Rural Libraries Queensland shout-out

Jo and I would like to send a special thank you to staff at State Library of Queensland for inviting us to present about readers advisory and our project to the Rural Libraries Queensland training course this week. We’d also like to thank the wonderful RLQ attendees who had travelled from far-flung places in Queensland like Longreach, Carpentaria, Goondiwindi…
Our preso covered our top ten low cost/no cost/high return ideas for RA in public libraries – these factors being especially important in small libraries with low staff numbers, but still relevant to large library services in times of tight budgets.
Among other things I gave a 15 second review on Megan Caldwell’s Vanity Fare and the attendees recommended a great follow-up for readers of 50 Shades of Grey – Rachael Treasure’s 50 Bales of Hay. Have you enough reading knowledge to recommend to others?
We’ll include these ideas in our project report.

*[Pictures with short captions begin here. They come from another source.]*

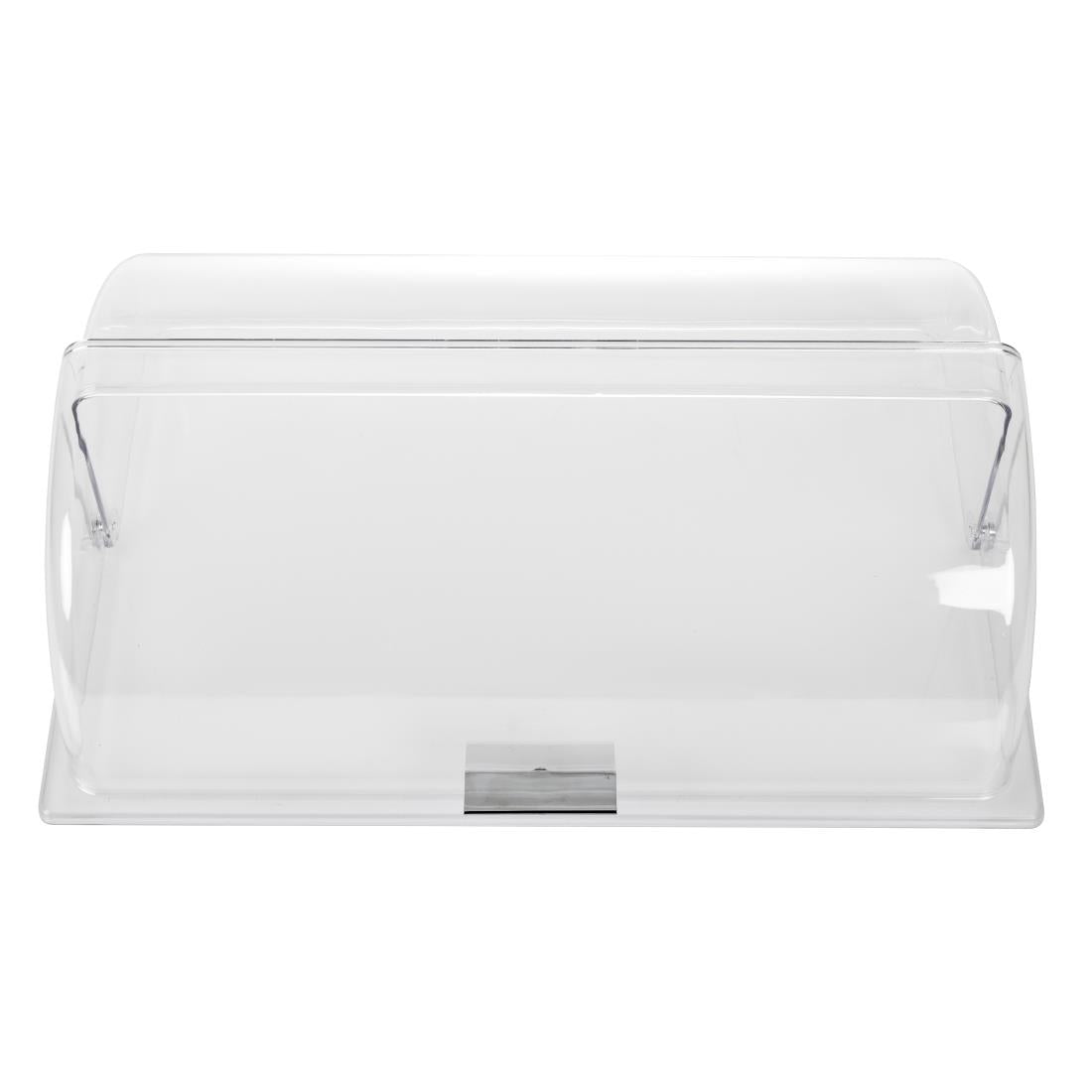 GC910 APS Frames 1/1 GN Rolltop Cover JD Catering Equipment Solutions Ltd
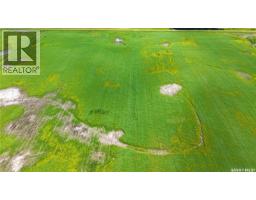 Land East Of Nipawin, Nipawin Rm No  487, SK S0E1E0 Photo 36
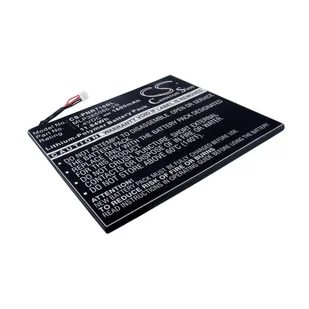 Pandigital Multimedia Novel 7" / MLP385085-2S 1600mAh 11.84Wh Li-Polymer 7.4V (Cameron Sino) - Akcesoria do tabletów i e-booków - miniaturka - grafika 1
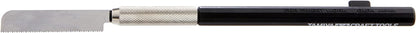 Tamiya 74111 Fine Craft Handsaw with Handle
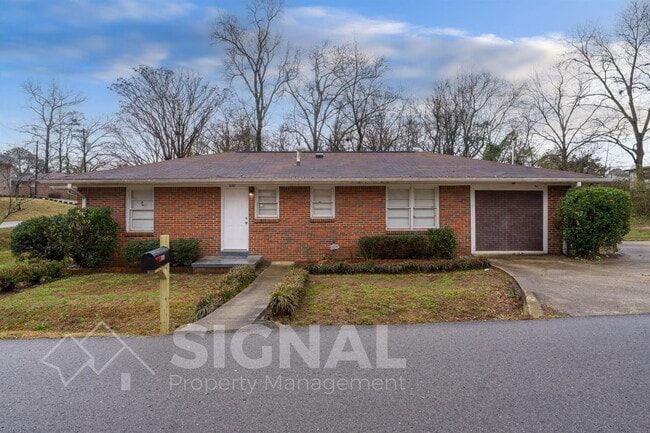 Building Photo - 330 Harlem Ave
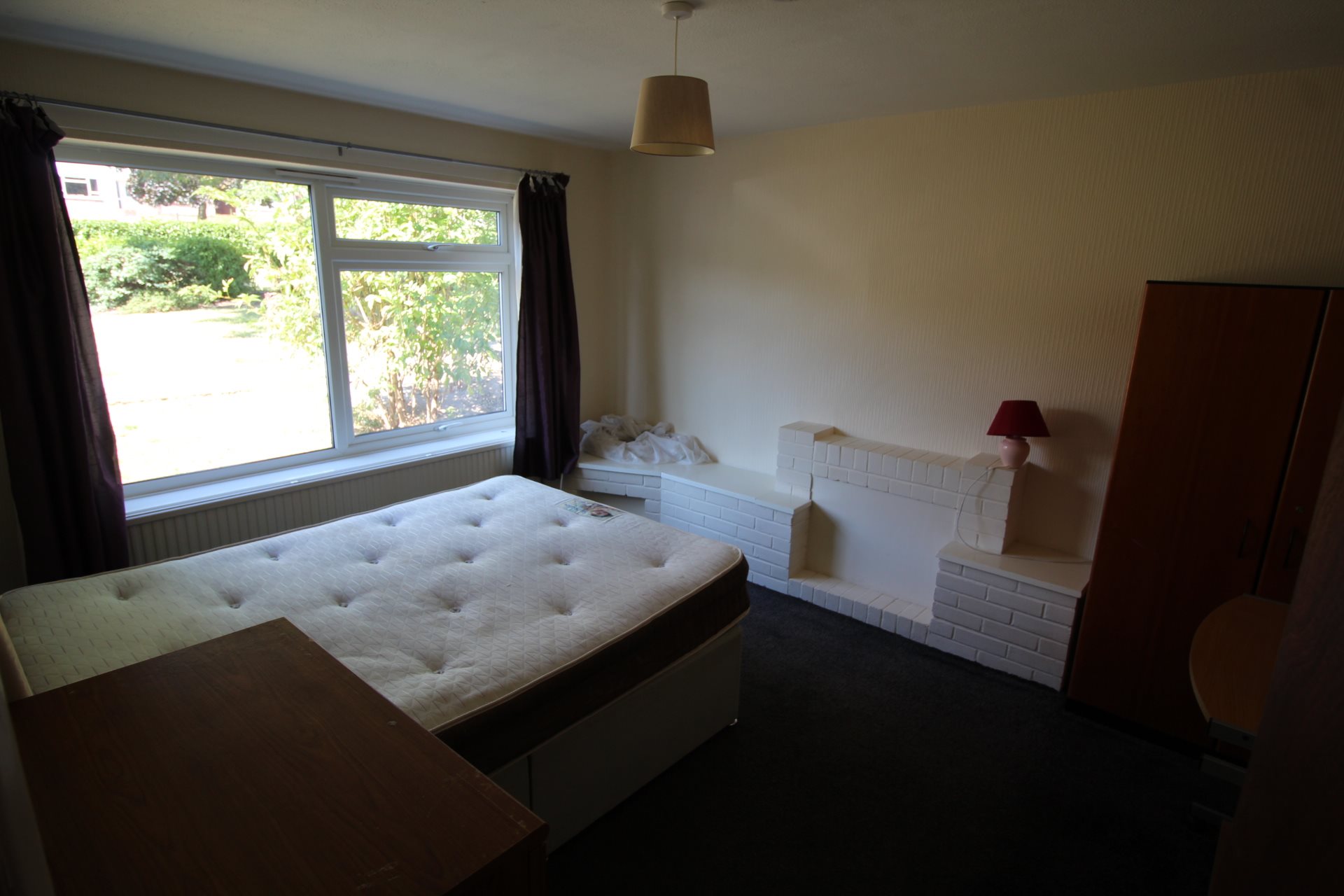 4 bed house to rent in Holborough Close, Colchester, CO4  - Property Image 4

RLQ Tourist CardSomething the rural libraries have now, that  we’re all envious about, is their RLQ Tourist Card which enables people living or travelling in outback Queensland to borrow from all RLQ libraries. And they have a combined catalogue across 28 member Councils. Imagine all those possibilities for collaboration across RLQ with bookclubs, eAudiobooks, reviews, etc.
130 library services across South Australia also have this collaborative opportunity with One Card . Victorian libraries are also going for united strength.

We would love to hear from staff in these libraries to let us know how you’re using the One Card concept to support the delivery of outstanding readers advisory service.

 

it’s the stuff around the stuff that’s important

Promote the new book in the collection = easy.

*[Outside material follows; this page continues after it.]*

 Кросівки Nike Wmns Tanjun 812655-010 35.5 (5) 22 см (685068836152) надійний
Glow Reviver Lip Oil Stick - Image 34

Promote connections for readers between the new book and several others in the collection as well as authors’ sites and community connections = that’s getting towards great readers’ advisory.

So that I can develop my RA abilities I’ve been developing a couple of programs where I learn as I go, and equally as importantly – I’m collaborating with others on these programs just as I’m collaborating on this project with Jo.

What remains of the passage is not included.